ユニファイドコマースとは。O2O、オムニチャネルと何が異なるのか
「ユニファイドコマース(Unified Commerce)」とは顧客の商取引を一元化しようという概念です。「ユニファイド(Unified)」には一元化や統合という意味があり、ECサイトやリアル店舗、カスタマーサポート、電話通販、カタログ通販などの商取引における様々なチャネル間の障壁をなくし、カスタマーエクスペリエンスを向上させる目的を持ちます。
これまでもO2Oやオムニチャネルといったチャネル間連携の取り組みはありました。ユニファイドコマースではそれらよりもよりリアルタイム性を重視して、顧客体験を重視する点が特徴です。
例えばスマートフォンに店舗で使えるクーポンを配信して来店を促す「O2O」は、持続性がない点がデメリットでした。しかしキャンペーンなど一過性の施策には適しているため、今では複数あるオンラインからの送客施策の1つとして活用されています。

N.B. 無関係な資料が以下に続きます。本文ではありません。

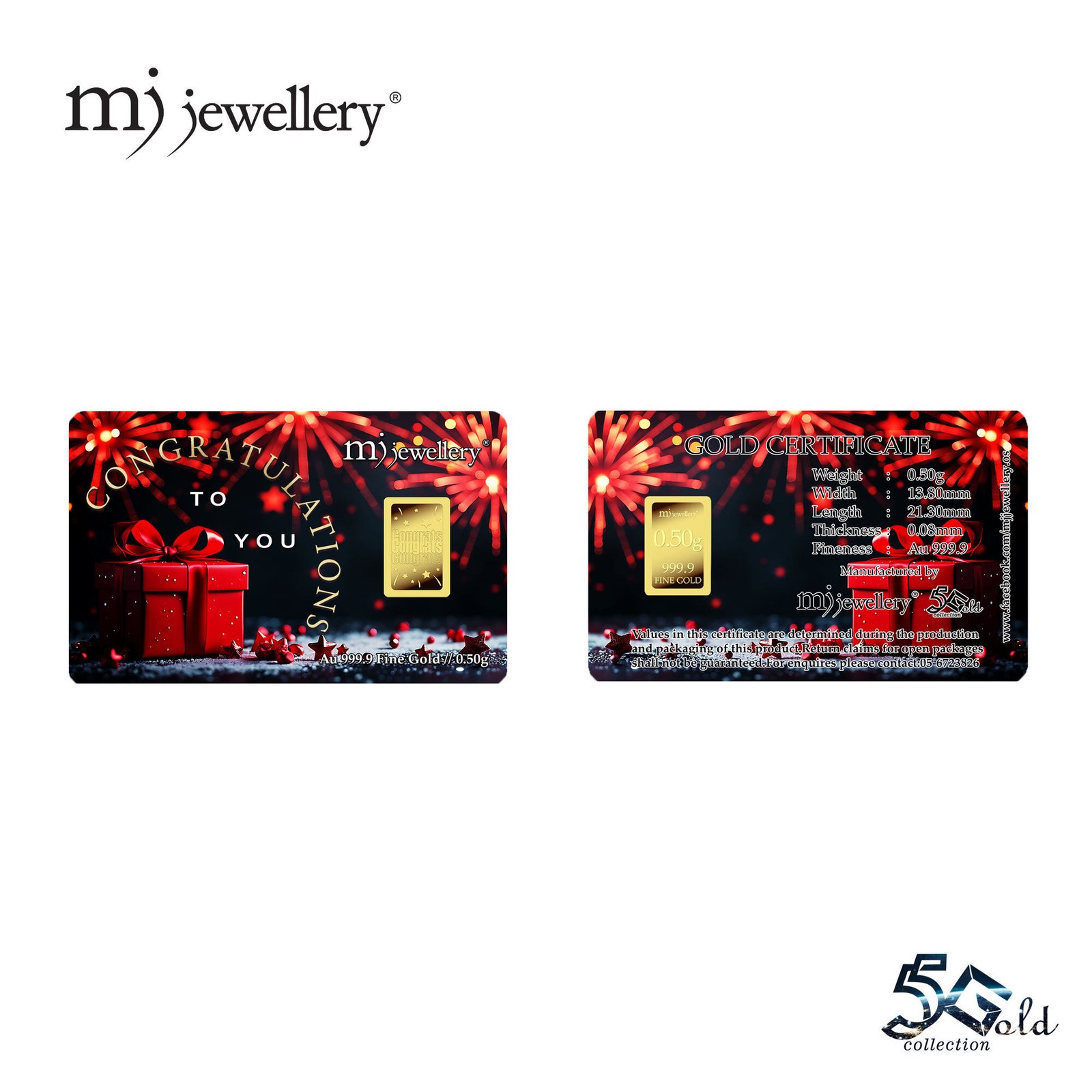 MJ Jewellery Congratulations Gold Bar F61 4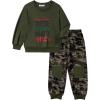 Arshiner Boys Pant Sets Long Sleeve Shirts and Pants Crewneck Sweatshirt for Fall Winter（2T- 8-9）(Green & Camo)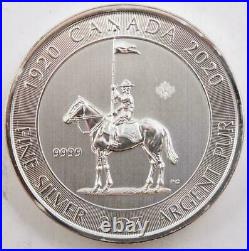 2020 Canada 2 oz $10 Royal Canadian Mounted Police RCMP Silver Bullion Coin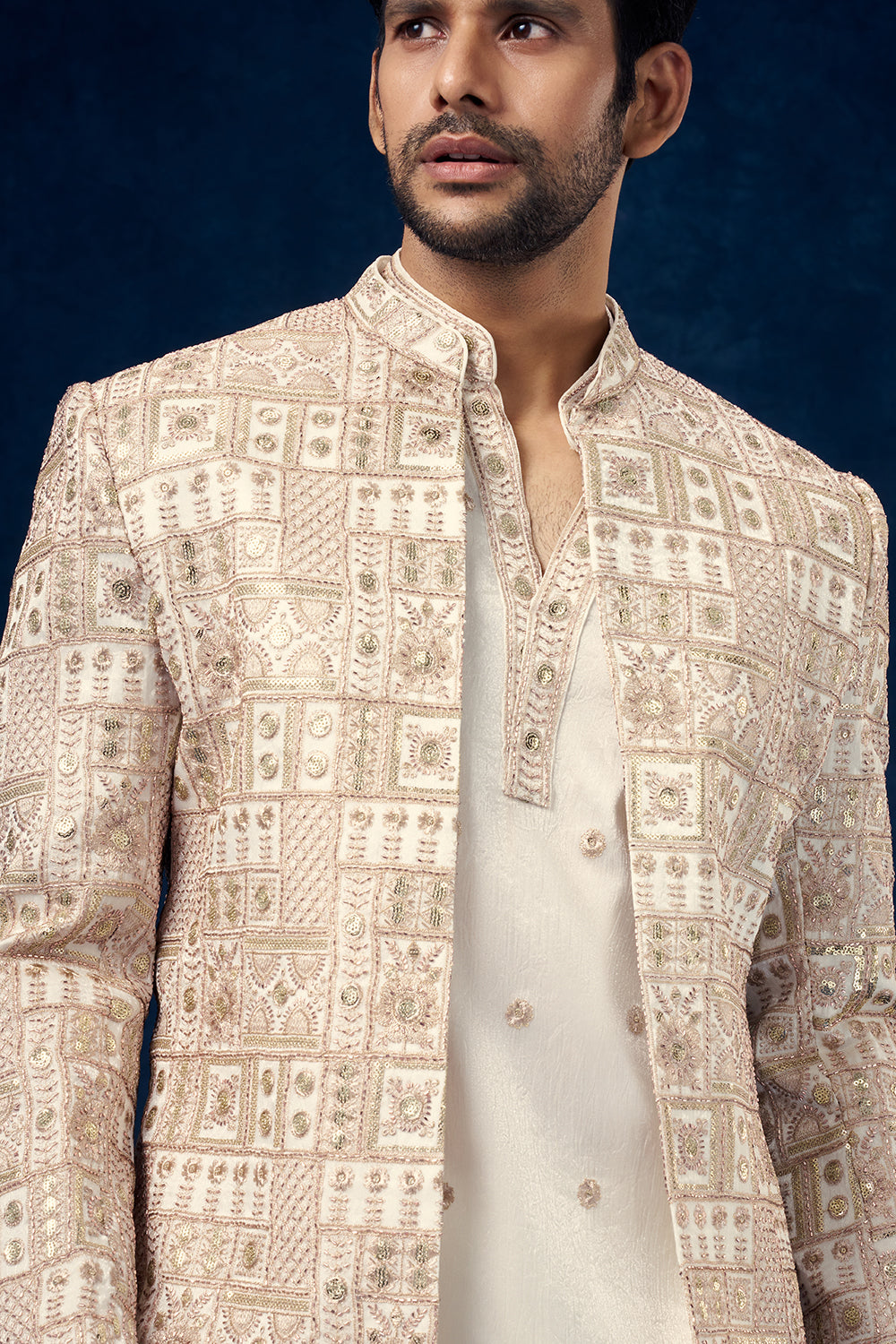 Off White Premium Crepe Mens Jodhpuri Set with Zari Work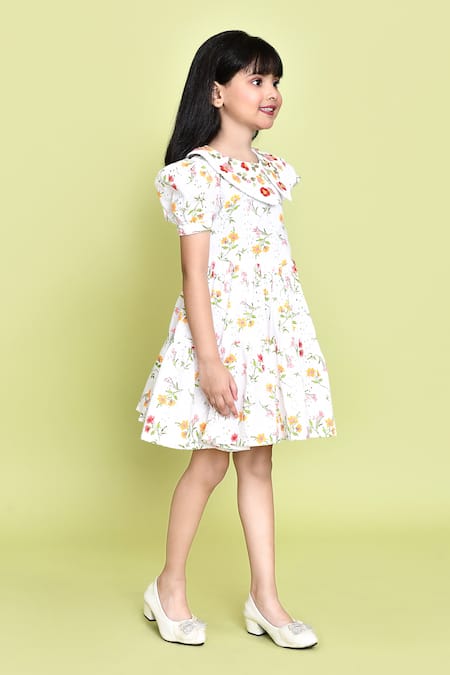 Petite Pomme_White Cotton Embroidery Floral Print Dress _at_Aza_Fashions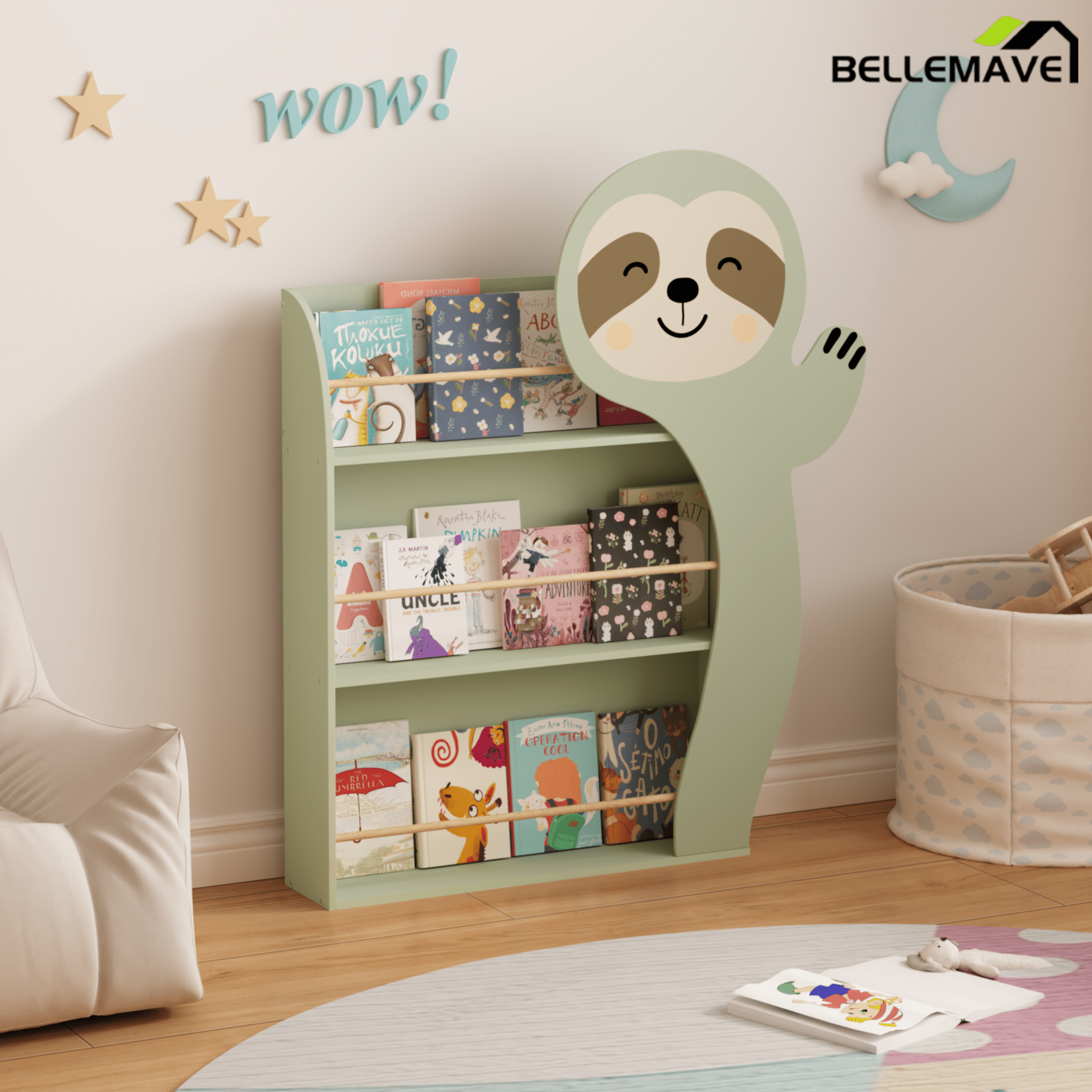 Bellemave® Sloth Bookshelf, 3 - Tier Front Facing Book Display Rack with Anti - Tip Kit, Safe MDF Wooden Shelf for Playroom & Bedroom Organization in Sage Green - Bellemave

ECサイトや実店舗など複数のチャネルを持つ「オムニチャネル」も、多くの企業が取り組むようになってきました。複数のチャネルから購買行動につなげる点、チャネル間の連携が必要な点はオムニチャネルもユニファイドコマースも同様といえます。
しかしユニファイドコマースはオムニチャネルと違い、一人一人に合わせたOne to Oneマーケティングを行います。
これからはより顧客の体験向上に焦点を当て、一人一人に自社の価値を認めてもらいリピーターを獲得していかなくてはいけません。そのために必要とされるのが、ユニファイドコマースなのです。
統合データベースはユニファイドコマースでも
小売店がユニファイドコマースを実践するうえで重要なことは、店舗とECサイトのデータベースを統合する事です。
統合データベースがあればチャネルごとの行動履歴や購入履歴といった情報が一元管理できるので、どのチャネルでも顧客に合わせた対応が可能となるのです。
データが統合されると、例えばECサイトで既に購入した商品を、店舗でスタッフが接客してしまうといったことがありません。さらに店舗スタッフが「この商品はECサイトで購入されてますね」と言えば、顧客は「自分を知ってくれている」とさらに顧客満足度が上がるでしょう。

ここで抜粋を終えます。